The tension between the graphic qualities of linear inscription and the sensual materiality of paint is central to the impact of the present work. This runs parallel to a tension between intellectual cultural history and intuitive emotional expression enacted in Twombly’s paintings. Classical mythology, literature and historical works of art are appropriated and translated into a visual response that is tactile, visceral and aesthetic. For what is remarkable about Twombly, and is perfectly embodied in the present work, is the way in which he empowered his brushstrokes with the capacity to both delineate and to represent the flux of visual expression. As Harald Szeeman concludes, “no other artist has such a gift for open endedness… words become lines expressive of feeling, lines become tones, tones become tensions, white becomes resolution. All this happens with the flowing naturalness of handwriting… this work seems to us both primeval and innovative, like memory itself and its energies” (Harald Szeeman, Cy Twombly, Munich 1987, p. 12).

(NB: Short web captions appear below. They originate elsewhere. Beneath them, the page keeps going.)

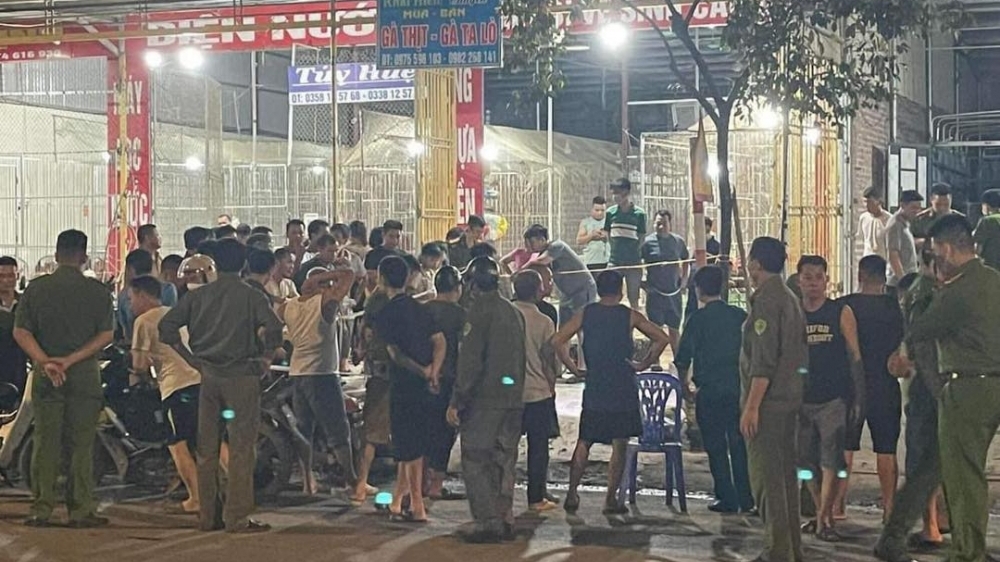 Mâu thuẫn dẫn tới nổ súng ở Bắc Giang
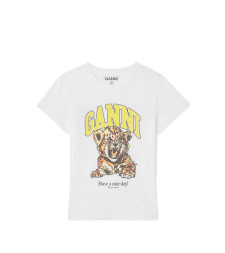 [GANNI] T-shirts Short Sleeve FW26 A1050258 151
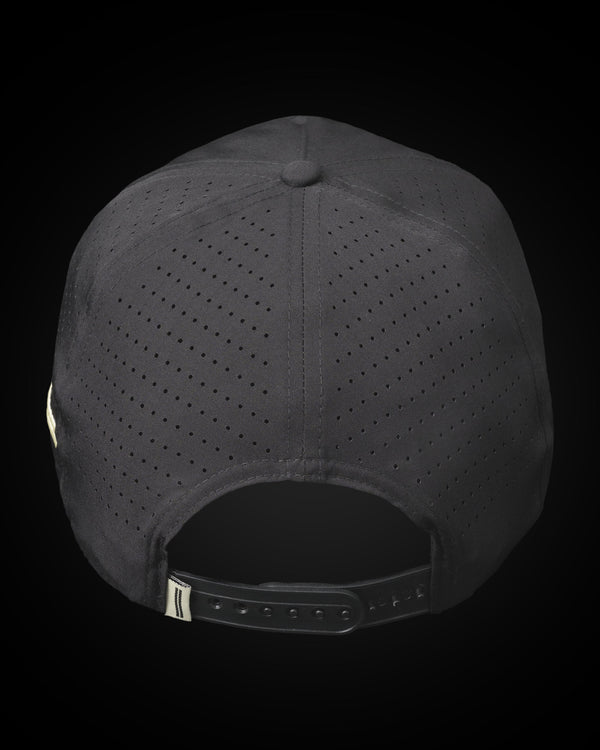 BATTLE 180 ROPE LIGHTWEIGHT SNAPBACK (BLACK)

As the artist remarks, “Generally speaking my art has evolved out of the interest in symbols abstracted, but nevertheless humanistic; formal as most arts are in their archaic and classic stages, and a deeply aesthetic sense of eroded or ancient surfaces of time” (Cy Twombly cited in: Exh. Cat., Houston, The Menil Collection, Cy Twombly, 1989, p. 199). The intriguing outcome is a work that freely oscillates between the faculties of painting and language to create a markedly lyrical and unique form of abstraction. No artist of the Twentieth Century has dramatised so expressively or incisively the range and force of the drawn line and painted mark as Cy Twombly.